Enfin, comme le télégramme n’arriva ni ce jour-là ni les jours suivants, c’est que celui du directeur aurait une lettre pour réponse, une lettre partie de la Barbade à l’adresse de M. Julian Ardagh, Antilian School, 314, Oxford Street, London, Royaume-Uni, Great Britain.

Et, un mot explicatif à propos du mot Antilian, qui figurait au-dessus de la porte de l’institution. Nul doute qu’il n’eût été fabriqué tout exprès. En effet, dans la nomenclature de la géographie britannique, les Antilles sont appelées Carribee Islands.

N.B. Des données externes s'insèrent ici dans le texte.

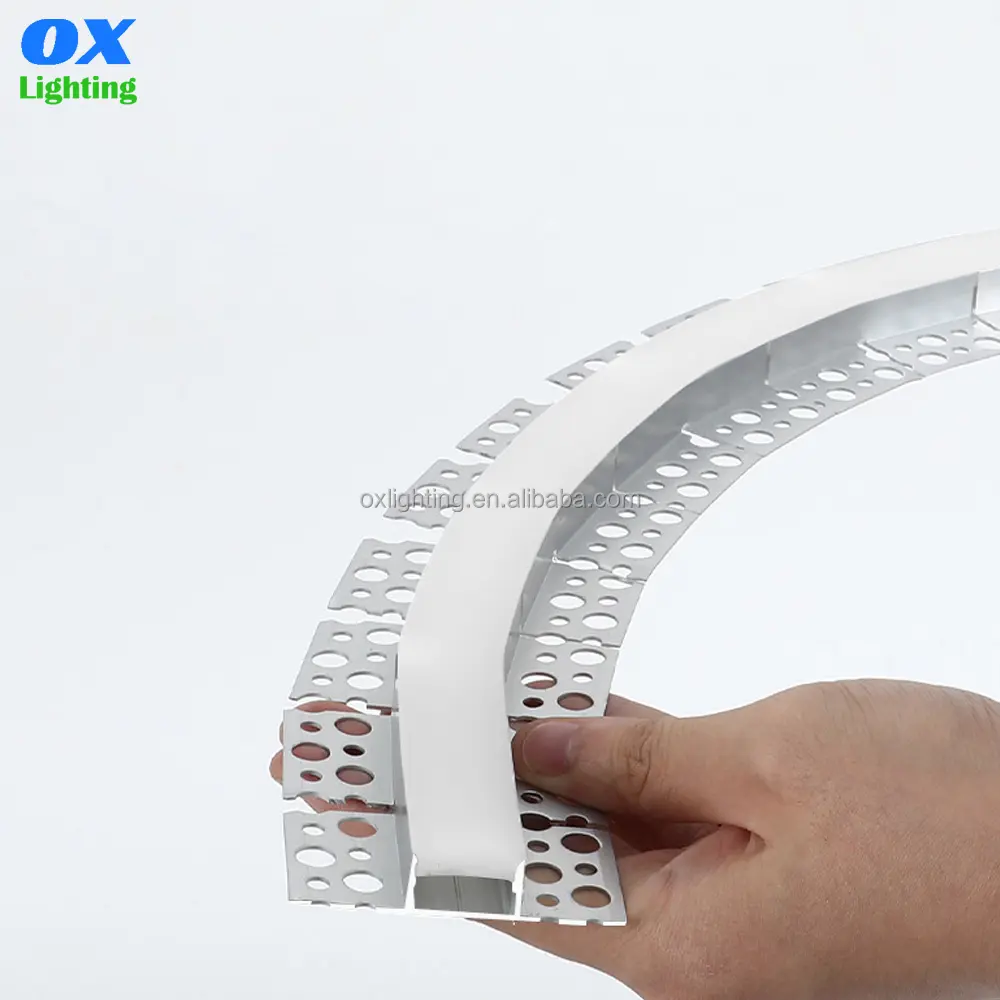 1M 2M 3M Led Aluminum Profile Light Ceiling Drywall Flexible Bend Curved Led Diffuser Channel Extrusion for Led Strips Plaster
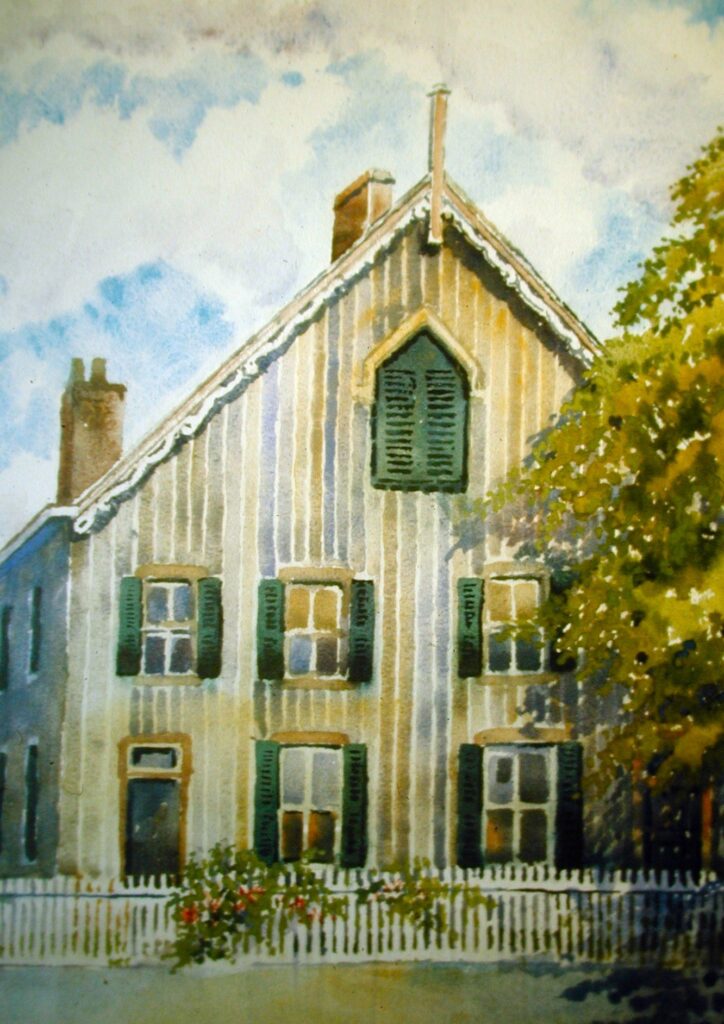 First Congregational Church (3rd Street & Lynn Alley c. 1852) - Ralph Fanning watercolor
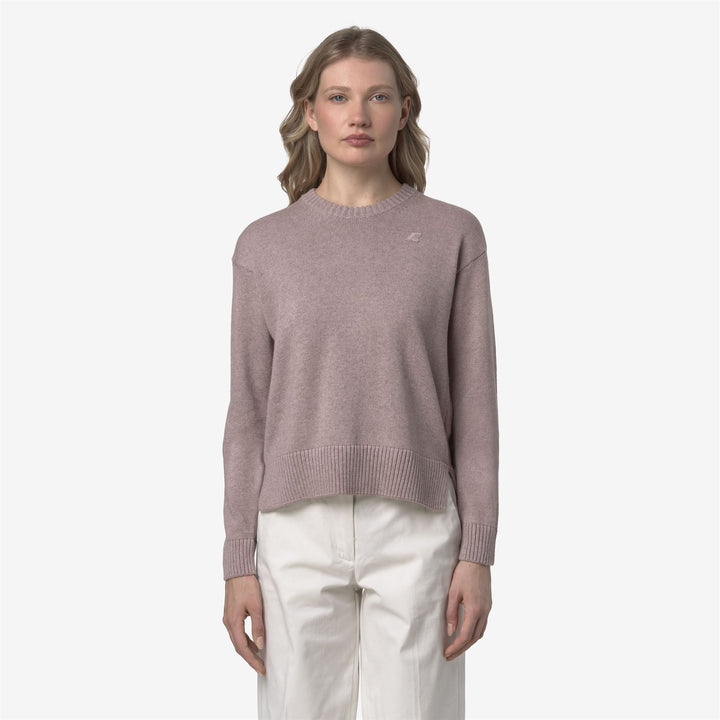 Suéter de cuello redondo de algodón y cachemira marrón para mujer 3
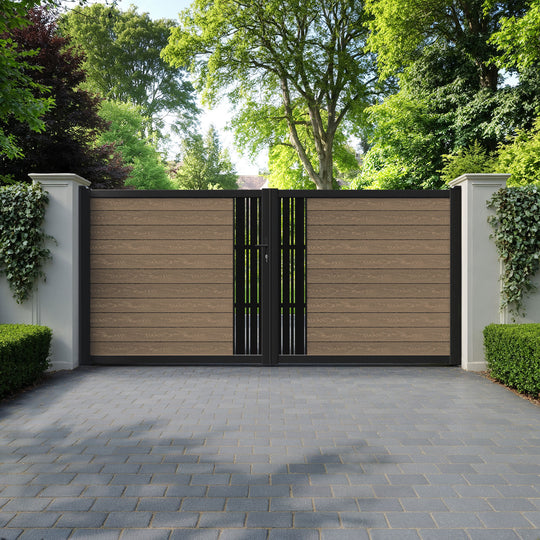 Classic Linea Straight Top Driveway Gate - Teak - Middle Screen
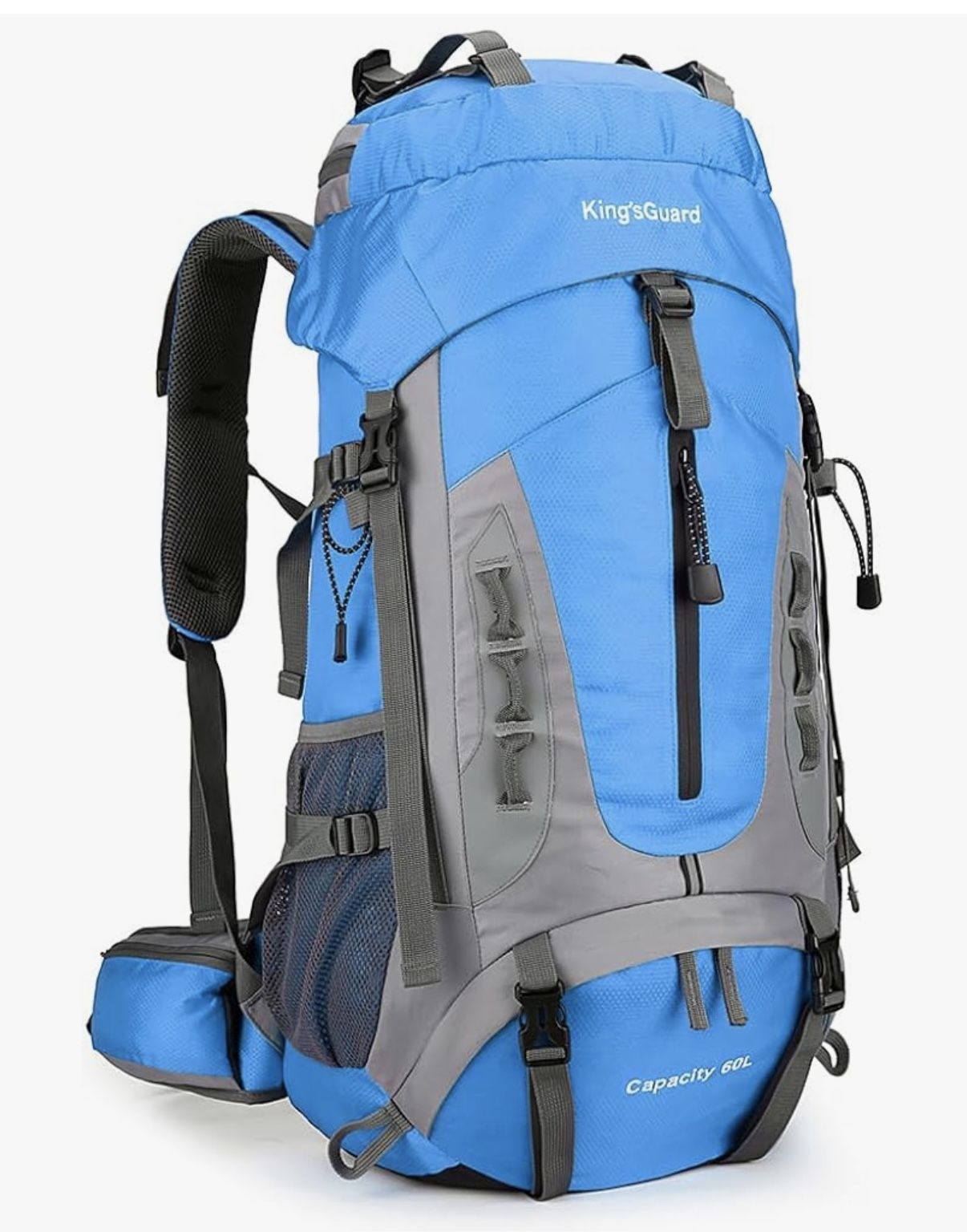 King'sGuard 60L Hiking Backpack for Men and Women Lightweight Camping Hiking Backpack with Rain Cover Large Waterproof Travel Backpack Backpacking Pac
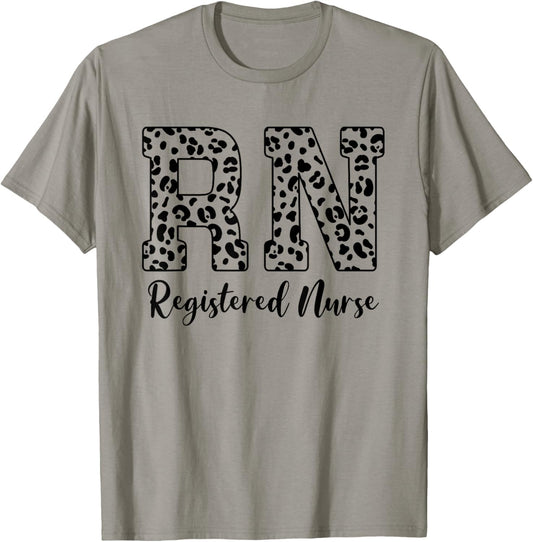 Women Registered Nurse - RN Nursing Leopard Print Nurse Day T-Shirt - T-Shirt | Sand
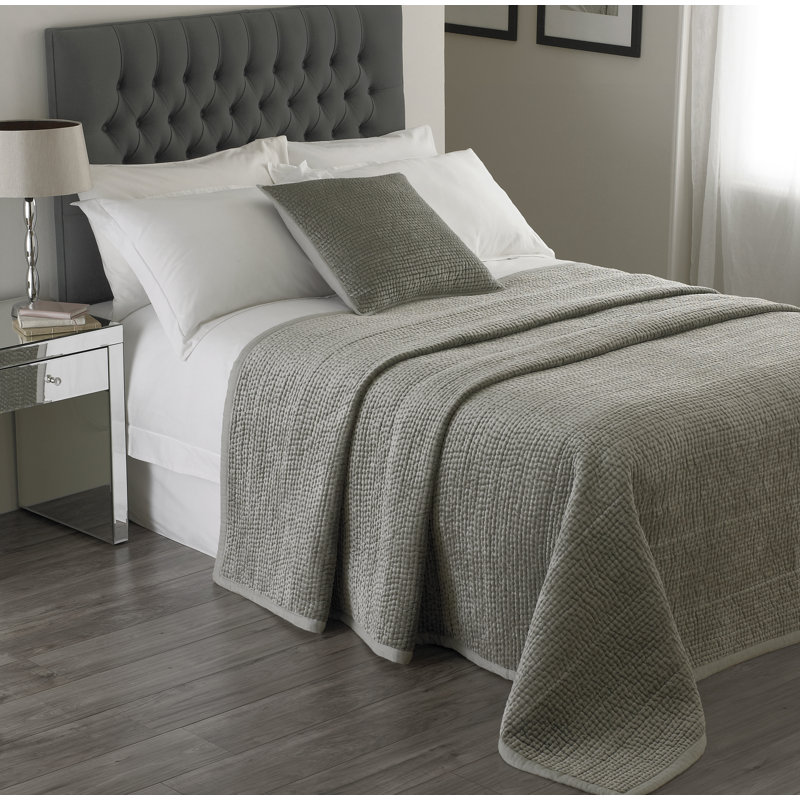 Dalrymple Rayon Patchwork Bedspread, 240 cm W x 250 cm L, Silver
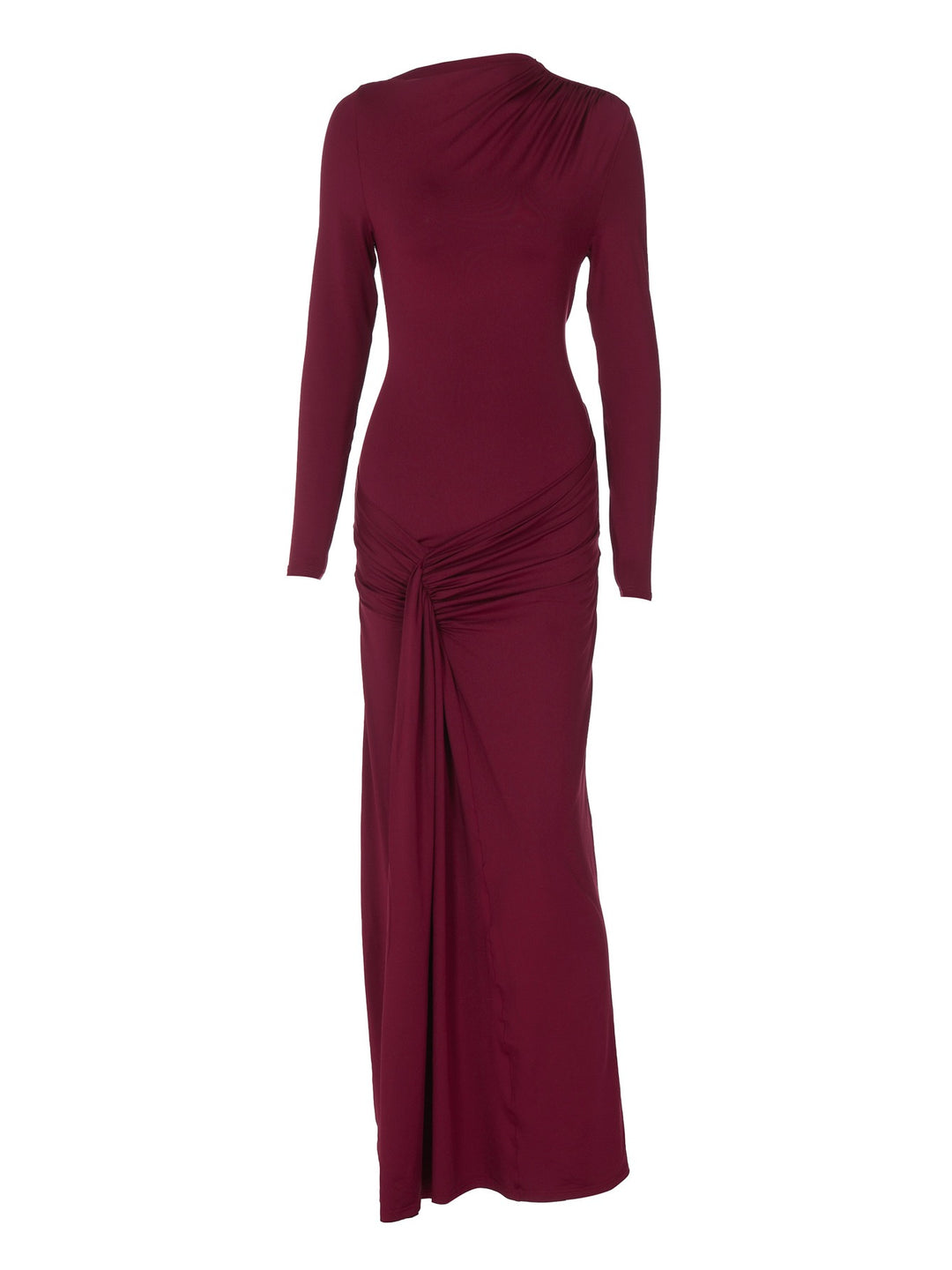 שמלת מקסי בעיצוב כיווצים קשירה בגב להצמדה במותן - הרמוסה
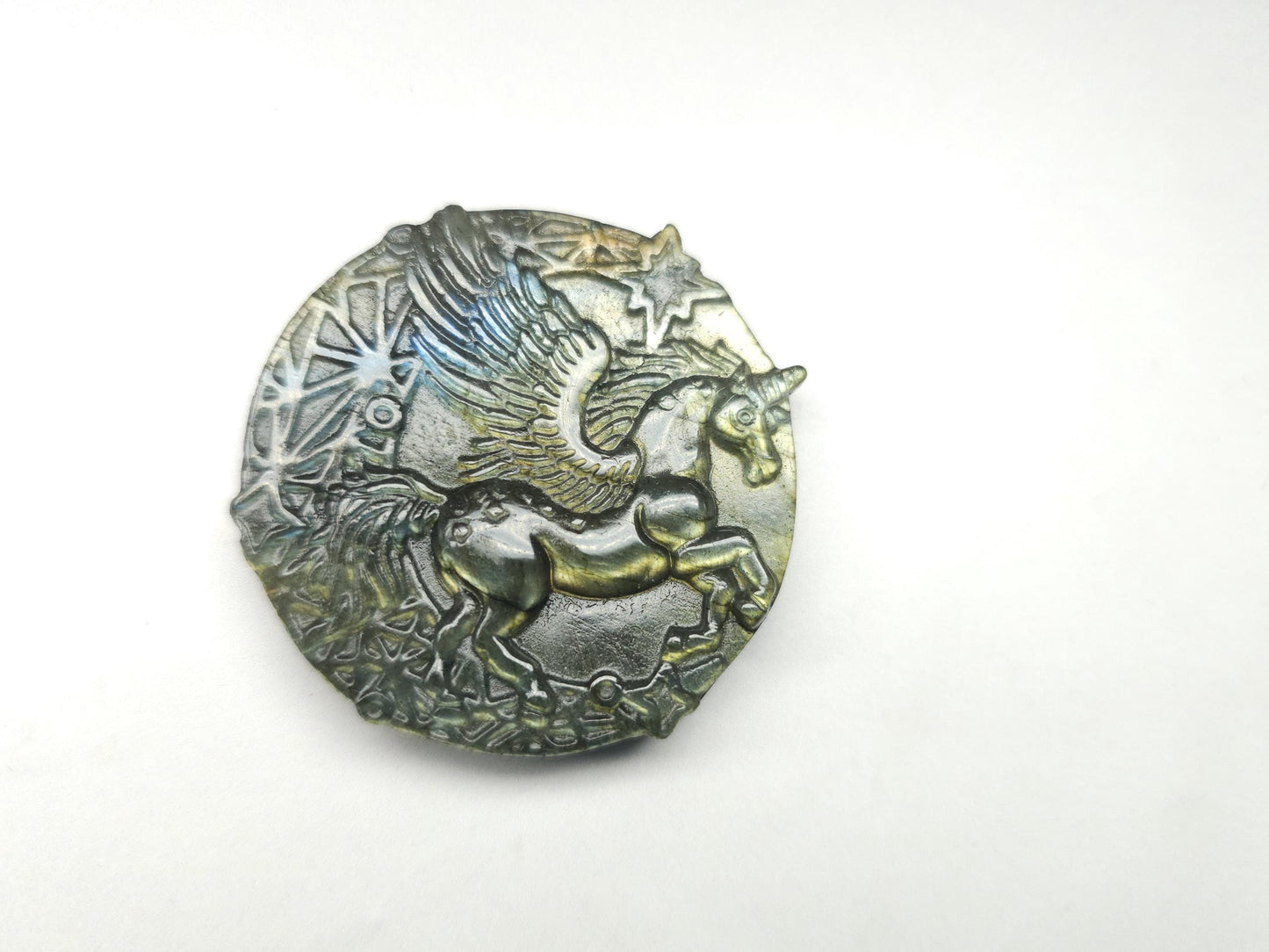 Carved labradorite unicorn - stone 9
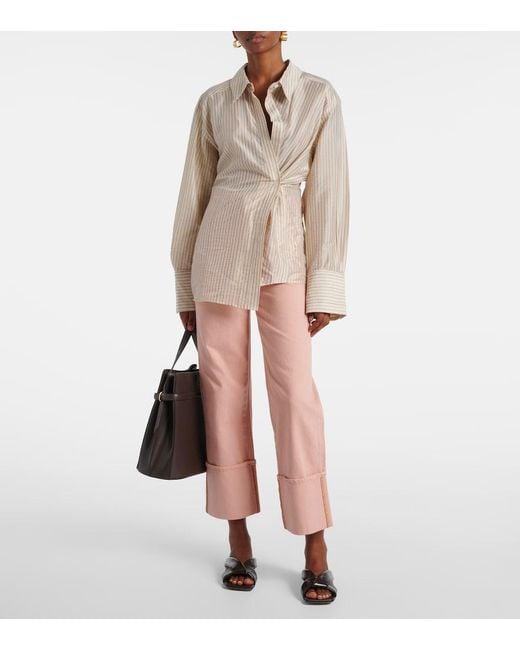 Veronica Beard Pink Dylan Straight Jeans
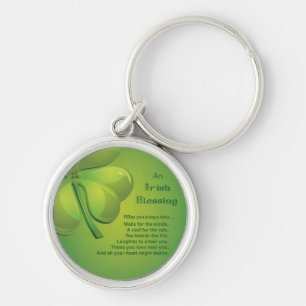Irish Blessings Green Shamrock, Celtic Keychain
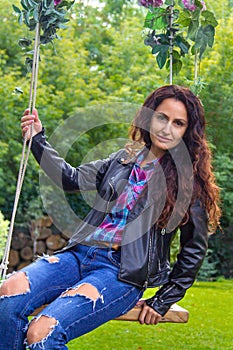 Portrait of a young woman with dark long hair.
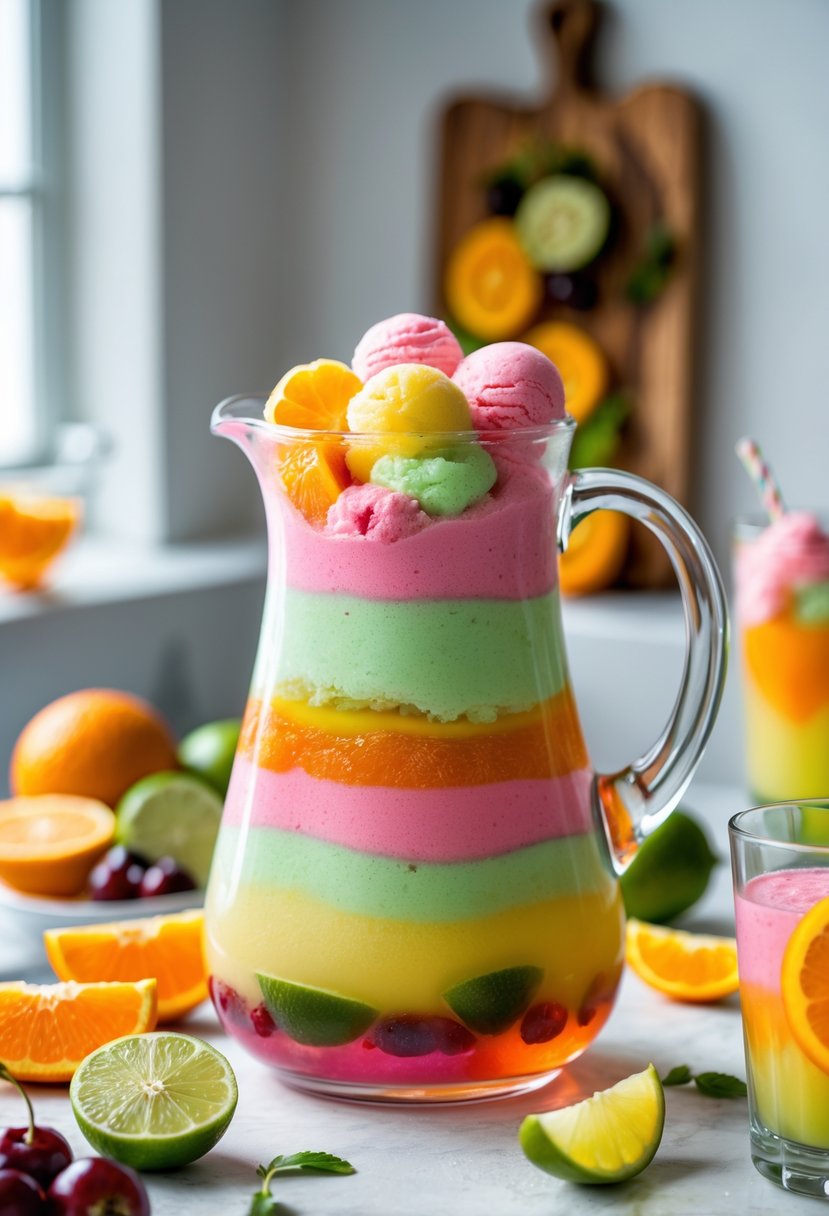 A glass pitcher filled with colorful rainbow sherbet punch surrounded by fresh fruit slices on a kitchen countertop.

Sur les cartes du Royaume-Uni comme sur les cartes de l’Amérique, elles ne sont pas désignées autrement. Mais Carribee Islands, cela signifie îles des Caraïbes, et ce mot rappelle trop fâcheusement les farouches indigènes de l’archipel, les scènes de massacre et de cannibalisme qui désolèrent les Indes occidentales. Voit-on sur les prospectus de l’établissement cet abominable titre : École des Caraïbes ? … N’aurait-il pas donné à penser qu’on y enseignait l’art de s’entre-tuer avec les recettes de la cuisine de chair humaine ?… Aussi « Antilian School » avait-il paru plus convenable pour des jeunes garçons originaires des Antilles et auxquels il ne s’agissait que de fournir une éducation purement européenne.

Donc, à défaut de dépêche, c’était une lettre qu’il fallait attendre, — à moins que ce concours pour bourses de voyage ne fût qu’une mystification de mauvais goût. Mais non ! une correspondance avait été échangée entre Mrs Kethlen Seymour et M. Ardagh. La généreuse dame n’était point un être imaginaire, elle habitait la Barbade, on l’y connaissait de longue date, et elle passait pour l’une des plus riches propriétaires de l’île.